Laparoscopy is one of the best methods for diagnosing and treating many diseases in gynecology, which is prescribed in case of the following indications:

– tubal- peritoneal infertility;

– malformations of the internal genital organs;

– to create artificial obstruction of the fallopian tubes;

– genital endometriosis;

– pain in the lower abdomen of unknown etiology;

– malformations of the internal genital organs;

–        ectopic pregnancy;

– inflammatory diseases of the pelvic organs;

– differential diagnosis between gynecological and acute surgical pathology;

– tumors, tumor-like formations of the ovaries;

– suspicion of twisting subserous myoma.


However, laparoscopy, like all other surgical interventions, has a number of contraindications, which are divided into absolute, temporary and relative. Absolute contraindications include the following:

– hemorrhagic shock;

– uncorrected coagulopathy ;

– diseases of the cardiovascular and respiratory systems in the stage of decompensation;

– acute and chronic liver and kidney failure;

– Consequences of a brain injury, damage to the cerebral vessels and other similar ones that do not allow the patient to be placed in the Trendelenburg position ;

– ovarian cancer and RMT (with the exception of laparoscopy during chemotherapy or radiation therapy).

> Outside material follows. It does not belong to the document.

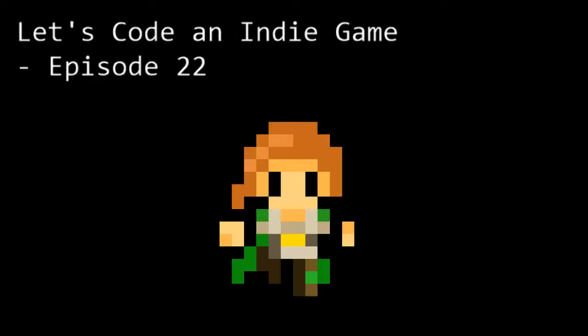Hello and welcome to Let's Code an Indie Game Episode 22. This is the series where we learn the tools and techniques needed to get started with indie game development. In this episode we are going to continue working on our punch code and hopefully finish it, at least for this visit to that part of the codebase.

Temporary contraindications:

– degree III-IV of the purity of the vaginal contents;

– existing or transferred less than 4 weeks ago acute viral and colds;

– incorrectly conducted examination and treatment of a couple for infertility, by the time of the proposed endoscopic examination.

Relative contraindications, in which laparoscopy is considered highly undesirable, but in emergency cases it remains possible:

– late pregnancy;

– diffuse peritonitis;

– polyvalent allergy;

– suspicion of malignant tumors of the uterine appendages;

– adhesive process after previously undergone operations on the abdominal organs.